BEGGARS will be given free hospital treatment in a move to help society’s poorest, as the National Social Security Fund (NSSF) is extended to help the most impoverished receive medical care, the government said on Monday.
The process of issuing NSSF cards for the destitute is to be speeded up so they can receive free medical treatment and reduce their spending burden, Minister of Information Khieu Kanharith said.
Speaking at the ministry’s weekly meeting on Monday, Kanharith said the government was thinking of the poorest – especially beggars – by helping them receive social security.
This, he said, means that beggars can receive hospital treatment free of charge should they fall sick, while their caregivers would also receive money from the state.
“This policy is of great importance in providing public healthcare services for impoverished people who cannot afford to treat their illnesses.
“The government has so far helped civil servants, garment workers and the Military Police to receive free healthcare services and check-ups through the NSSF,” Kanharith said.

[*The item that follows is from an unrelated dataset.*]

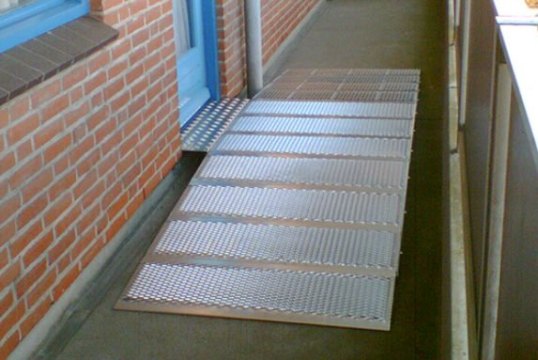 Aluminium threshold ramp for tight spaces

The NSSF has come from more than 40 years of government efforts to address the hardships faced by the public, civil servants and workers, with them receiving free medical treatment, he added.
“I only want to speak about the inclusion of beggars in the scheme. After the Ministry of Planning releases the results of the 2019 census and we can determine who are beggars, we can help them access free treatment because they are among the poorest people.
“We have social security cards for state staff who work on a regular basis. Social security cards are now to be given to the poorest and the Ministry of Planning has the criteria to identify who they are,” Kanharith said.
Ministry of Labour and Vocational Training spokesman Heng Sour told The Post on Tuesday: “This responsibility for social assistance comes under the political framework of social protection. The government will use the National Social Security Fund to sustain this programme.”
Ministry of Social Affairs, Veterans and Youth Rehabilitation spokesman Touch Channy could not be reached for comment on Tuesday.
“In other countries, centres are established for beggars to give them food and assistance, with the budget coming from the state. These beggars are usually migrants, but in Cambodia, they come from their local areas,” government spokesman Phay Siphan told The Post on Tuesday
Rights group Adhoc spokesman Soeung Sen Karuna said that extending social protection to society’s most impoverished was a positive development. However, he noted that local officials often did not provide social security cards to the right people.
“The problem is that these services are often provided to those who are not in need of them. Wealthy people who should not have social security cards are receiving them. This leads to problems and criticism of the authorities at the local level,” he said.